Short text fragments from websites -
--------------------------------------------------
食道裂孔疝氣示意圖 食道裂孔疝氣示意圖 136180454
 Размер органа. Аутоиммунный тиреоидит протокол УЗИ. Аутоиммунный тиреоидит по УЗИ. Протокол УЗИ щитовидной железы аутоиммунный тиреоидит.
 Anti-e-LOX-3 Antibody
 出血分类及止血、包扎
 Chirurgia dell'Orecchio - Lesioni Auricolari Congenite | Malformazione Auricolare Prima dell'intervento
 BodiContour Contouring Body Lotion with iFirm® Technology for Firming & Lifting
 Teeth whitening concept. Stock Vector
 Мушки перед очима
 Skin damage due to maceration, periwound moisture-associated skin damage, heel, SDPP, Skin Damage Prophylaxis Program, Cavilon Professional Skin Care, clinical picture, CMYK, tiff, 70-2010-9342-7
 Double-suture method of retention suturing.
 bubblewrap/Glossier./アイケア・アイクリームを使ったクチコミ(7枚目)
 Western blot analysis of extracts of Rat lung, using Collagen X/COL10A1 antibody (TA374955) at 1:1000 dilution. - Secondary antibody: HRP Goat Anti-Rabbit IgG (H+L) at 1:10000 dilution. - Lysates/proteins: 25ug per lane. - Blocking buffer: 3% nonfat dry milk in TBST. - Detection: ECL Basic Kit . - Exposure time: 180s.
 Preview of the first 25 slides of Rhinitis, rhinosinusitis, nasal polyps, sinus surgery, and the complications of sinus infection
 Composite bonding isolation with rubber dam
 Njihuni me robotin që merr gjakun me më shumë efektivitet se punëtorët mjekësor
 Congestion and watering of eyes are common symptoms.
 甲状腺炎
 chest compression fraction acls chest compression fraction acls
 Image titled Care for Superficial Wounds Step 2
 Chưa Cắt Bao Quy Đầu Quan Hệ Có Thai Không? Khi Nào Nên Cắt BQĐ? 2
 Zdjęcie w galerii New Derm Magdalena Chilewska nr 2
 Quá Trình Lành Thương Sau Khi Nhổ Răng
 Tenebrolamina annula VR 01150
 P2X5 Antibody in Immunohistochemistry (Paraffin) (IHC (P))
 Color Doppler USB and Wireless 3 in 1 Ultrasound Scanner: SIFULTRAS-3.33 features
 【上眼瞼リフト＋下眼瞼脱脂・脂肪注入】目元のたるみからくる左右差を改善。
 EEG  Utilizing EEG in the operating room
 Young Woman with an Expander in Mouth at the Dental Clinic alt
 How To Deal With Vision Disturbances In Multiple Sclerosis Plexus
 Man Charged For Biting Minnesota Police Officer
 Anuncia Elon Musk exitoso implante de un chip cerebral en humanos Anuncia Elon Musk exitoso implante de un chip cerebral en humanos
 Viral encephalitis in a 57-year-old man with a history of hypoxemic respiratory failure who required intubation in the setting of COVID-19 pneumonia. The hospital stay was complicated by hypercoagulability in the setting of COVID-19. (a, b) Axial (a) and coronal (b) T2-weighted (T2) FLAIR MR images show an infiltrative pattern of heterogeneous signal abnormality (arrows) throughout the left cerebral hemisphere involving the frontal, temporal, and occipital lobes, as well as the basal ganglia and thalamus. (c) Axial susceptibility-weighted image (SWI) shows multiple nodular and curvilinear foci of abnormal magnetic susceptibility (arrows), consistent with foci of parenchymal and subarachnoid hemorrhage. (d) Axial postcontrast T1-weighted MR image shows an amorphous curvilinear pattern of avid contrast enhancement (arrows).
--------------------------------------------------
Look above for the line holding "Young Woman with". Print it and every line after it, exactly, through the line holding "en humanos Anuncia".

 Young Woman with an Expander in Mouth at the Dental Clinic alt
 How To Deal With Vision Disturbances In Multiple Sclerosis Plexus
 Man Charged For Biting Minnesota Police Officer
 Anuncia Elon Musk exitoso implante de un chip cerebral en humanos Anuncia Elon Musk exitoso implante de un chip cerebral en humanos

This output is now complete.